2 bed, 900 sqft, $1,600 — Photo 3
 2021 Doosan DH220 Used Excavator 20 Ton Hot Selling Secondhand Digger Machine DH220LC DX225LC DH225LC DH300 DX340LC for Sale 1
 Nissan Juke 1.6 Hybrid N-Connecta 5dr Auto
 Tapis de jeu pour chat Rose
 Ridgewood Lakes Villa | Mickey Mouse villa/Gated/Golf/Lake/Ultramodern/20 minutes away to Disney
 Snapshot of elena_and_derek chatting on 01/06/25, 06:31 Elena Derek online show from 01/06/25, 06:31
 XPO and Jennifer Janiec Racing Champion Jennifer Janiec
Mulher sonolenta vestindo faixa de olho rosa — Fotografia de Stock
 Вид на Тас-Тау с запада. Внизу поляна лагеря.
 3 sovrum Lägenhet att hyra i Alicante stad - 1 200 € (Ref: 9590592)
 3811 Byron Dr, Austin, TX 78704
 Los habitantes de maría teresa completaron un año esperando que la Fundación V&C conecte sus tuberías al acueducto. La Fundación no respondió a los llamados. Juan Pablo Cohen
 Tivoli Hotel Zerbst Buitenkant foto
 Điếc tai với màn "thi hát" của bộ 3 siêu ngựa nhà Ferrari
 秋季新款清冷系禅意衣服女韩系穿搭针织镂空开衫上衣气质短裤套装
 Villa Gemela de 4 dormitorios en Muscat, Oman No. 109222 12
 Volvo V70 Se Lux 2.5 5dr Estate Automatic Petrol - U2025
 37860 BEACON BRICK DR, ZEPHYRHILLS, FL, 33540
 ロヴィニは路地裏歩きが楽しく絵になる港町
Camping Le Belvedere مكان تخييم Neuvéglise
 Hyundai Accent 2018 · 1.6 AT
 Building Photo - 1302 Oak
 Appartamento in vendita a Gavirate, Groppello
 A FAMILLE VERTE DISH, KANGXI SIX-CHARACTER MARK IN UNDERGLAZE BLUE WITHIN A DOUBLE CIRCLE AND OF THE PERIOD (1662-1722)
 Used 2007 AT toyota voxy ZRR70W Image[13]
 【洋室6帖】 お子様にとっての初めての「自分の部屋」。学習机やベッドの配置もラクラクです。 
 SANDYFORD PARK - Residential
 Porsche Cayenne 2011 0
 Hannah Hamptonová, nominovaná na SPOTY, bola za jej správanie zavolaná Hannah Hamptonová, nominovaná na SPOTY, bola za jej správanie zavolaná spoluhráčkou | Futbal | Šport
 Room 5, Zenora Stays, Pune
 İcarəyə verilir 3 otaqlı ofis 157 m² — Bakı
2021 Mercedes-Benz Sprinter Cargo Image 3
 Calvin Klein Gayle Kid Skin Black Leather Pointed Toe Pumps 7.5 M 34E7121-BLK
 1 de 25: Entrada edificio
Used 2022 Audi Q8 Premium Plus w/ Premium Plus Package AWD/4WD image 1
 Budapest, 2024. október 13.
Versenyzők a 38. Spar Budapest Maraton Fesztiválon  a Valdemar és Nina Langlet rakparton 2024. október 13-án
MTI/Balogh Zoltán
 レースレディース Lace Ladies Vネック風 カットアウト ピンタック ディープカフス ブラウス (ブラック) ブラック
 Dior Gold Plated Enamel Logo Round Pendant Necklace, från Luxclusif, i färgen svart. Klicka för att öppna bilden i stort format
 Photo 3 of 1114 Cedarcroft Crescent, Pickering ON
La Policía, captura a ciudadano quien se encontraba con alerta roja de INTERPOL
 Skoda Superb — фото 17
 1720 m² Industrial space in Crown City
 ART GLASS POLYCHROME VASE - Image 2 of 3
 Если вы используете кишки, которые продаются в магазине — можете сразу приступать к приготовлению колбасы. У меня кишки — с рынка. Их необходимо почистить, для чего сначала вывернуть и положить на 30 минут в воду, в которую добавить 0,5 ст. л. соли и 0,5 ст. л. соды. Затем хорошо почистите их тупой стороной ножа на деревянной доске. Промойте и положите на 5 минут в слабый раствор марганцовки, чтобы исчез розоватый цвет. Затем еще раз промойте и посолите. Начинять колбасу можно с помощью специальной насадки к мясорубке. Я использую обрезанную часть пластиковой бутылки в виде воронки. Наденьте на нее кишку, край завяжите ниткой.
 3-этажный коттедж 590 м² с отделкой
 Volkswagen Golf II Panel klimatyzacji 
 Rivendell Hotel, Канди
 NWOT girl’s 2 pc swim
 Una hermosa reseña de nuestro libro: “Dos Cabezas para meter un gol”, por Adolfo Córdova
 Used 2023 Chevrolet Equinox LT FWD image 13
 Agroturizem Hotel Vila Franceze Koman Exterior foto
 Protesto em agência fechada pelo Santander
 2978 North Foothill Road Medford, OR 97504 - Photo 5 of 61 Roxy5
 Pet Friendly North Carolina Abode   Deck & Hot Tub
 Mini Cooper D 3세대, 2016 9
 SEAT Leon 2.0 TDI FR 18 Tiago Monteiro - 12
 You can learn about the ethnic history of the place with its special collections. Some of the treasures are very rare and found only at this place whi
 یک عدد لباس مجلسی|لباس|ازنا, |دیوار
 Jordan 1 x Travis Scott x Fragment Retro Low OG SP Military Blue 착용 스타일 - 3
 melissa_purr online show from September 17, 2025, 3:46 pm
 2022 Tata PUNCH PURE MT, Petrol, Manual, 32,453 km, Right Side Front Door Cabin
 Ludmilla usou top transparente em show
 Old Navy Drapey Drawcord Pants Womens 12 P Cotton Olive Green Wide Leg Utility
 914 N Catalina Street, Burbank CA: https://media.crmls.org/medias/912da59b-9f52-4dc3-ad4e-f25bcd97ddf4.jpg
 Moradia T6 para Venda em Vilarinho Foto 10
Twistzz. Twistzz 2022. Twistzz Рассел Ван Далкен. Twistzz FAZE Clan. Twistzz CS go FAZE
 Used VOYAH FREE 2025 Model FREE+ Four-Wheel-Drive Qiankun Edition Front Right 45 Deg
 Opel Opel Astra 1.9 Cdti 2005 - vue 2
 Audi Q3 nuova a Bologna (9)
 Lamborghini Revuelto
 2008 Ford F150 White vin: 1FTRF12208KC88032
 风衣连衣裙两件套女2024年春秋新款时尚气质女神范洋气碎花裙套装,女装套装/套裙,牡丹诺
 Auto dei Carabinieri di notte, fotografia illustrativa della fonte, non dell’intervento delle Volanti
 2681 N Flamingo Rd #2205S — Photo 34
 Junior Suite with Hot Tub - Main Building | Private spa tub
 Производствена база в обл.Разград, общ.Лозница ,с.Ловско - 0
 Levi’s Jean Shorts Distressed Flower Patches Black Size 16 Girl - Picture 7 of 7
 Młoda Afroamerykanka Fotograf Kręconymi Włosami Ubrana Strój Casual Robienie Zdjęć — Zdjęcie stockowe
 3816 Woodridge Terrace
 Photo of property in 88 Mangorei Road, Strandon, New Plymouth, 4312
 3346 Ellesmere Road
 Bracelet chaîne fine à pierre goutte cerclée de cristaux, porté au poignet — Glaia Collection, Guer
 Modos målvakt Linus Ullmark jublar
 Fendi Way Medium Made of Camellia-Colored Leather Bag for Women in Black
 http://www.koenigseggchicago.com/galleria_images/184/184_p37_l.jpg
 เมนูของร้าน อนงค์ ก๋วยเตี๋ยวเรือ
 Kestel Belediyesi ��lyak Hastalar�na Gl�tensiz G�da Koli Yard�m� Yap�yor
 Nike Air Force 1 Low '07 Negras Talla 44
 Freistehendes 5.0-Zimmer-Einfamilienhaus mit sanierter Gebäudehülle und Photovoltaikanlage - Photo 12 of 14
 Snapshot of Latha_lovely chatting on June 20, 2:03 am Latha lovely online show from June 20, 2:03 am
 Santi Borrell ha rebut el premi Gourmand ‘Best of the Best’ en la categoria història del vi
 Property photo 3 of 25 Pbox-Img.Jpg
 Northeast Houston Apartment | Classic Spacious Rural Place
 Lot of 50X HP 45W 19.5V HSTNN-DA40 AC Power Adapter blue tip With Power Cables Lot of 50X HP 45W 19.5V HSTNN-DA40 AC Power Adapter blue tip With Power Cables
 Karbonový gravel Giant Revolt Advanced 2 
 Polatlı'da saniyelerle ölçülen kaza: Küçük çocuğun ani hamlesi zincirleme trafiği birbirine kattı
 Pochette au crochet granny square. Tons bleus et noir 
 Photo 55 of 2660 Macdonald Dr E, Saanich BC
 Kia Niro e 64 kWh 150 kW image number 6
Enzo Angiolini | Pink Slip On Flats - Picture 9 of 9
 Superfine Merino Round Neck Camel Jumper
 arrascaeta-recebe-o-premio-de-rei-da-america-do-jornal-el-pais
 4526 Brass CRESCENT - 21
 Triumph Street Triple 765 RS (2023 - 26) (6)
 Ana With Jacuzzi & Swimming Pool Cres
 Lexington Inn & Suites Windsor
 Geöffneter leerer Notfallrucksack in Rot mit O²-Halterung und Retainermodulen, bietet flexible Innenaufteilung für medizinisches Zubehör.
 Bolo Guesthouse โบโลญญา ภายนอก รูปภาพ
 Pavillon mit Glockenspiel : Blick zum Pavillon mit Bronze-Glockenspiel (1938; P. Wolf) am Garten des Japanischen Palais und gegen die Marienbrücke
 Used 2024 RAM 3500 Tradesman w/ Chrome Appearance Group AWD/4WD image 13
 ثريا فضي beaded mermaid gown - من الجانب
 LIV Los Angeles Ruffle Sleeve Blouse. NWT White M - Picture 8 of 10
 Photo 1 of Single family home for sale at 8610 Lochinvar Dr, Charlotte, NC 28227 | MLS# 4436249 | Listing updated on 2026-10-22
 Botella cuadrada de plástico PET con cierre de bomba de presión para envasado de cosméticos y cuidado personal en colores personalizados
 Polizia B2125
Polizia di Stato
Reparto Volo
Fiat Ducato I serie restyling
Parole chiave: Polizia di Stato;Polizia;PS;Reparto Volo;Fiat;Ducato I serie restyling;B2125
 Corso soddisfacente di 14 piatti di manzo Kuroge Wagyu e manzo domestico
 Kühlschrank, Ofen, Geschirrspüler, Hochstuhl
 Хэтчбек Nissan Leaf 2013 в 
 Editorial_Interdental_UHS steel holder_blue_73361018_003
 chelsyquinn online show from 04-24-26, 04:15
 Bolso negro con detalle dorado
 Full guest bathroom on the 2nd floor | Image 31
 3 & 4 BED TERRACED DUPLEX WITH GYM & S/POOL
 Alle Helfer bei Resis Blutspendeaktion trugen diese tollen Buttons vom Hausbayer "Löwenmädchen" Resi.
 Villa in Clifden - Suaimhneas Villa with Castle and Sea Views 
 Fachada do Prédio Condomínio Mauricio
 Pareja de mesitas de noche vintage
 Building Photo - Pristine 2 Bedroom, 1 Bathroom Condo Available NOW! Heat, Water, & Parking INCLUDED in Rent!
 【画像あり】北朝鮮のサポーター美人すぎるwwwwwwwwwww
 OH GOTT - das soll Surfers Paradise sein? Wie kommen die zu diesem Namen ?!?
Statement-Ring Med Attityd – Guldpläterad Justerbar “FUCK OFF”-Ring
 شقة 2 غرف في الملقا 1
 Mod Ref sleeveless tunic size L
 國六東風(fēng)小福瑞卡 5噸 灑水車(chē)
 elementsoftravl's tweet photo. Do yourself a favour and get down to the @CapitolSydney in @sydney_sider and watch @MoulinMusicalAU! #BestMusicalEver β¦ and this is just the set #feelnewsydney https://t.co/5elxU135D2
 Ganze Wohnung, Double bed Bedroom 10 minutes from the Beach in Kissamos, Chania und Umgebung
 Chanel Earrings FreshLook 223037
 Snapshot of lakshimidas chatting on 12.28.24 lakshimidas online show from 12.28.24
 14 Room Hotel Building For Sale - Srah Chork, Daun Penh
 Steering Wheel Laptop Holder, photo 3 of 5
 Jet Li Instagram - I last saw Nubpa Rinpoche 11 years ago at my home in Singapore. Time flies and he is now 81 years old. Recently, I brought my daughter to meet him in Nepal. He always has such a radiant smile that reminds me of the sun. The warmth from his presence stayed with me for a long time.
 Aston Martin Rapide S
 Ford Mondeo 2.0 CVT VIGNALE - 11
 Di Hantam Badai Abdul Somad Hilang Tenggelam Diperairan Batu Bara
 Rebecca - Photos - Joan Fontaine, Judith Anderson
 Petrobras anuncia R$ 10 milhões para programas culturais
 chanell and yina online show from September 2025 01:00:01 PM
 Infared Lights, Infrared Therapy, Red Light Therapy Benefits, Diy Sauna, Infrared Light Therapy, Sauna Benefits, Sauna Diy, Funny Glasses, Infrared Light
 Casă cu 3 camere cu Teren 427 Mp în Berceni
────────────────────
→ Exercise instructions
I need every line of the material that includes "október", so please copy them out.

→ Exercise result
 Budapest, 2024. október 13.
Versenyzők a 38. Spar Budapest Maraton Fesztiválon  a Valdemar és Nina Langlet rakparton 2024. október 13-án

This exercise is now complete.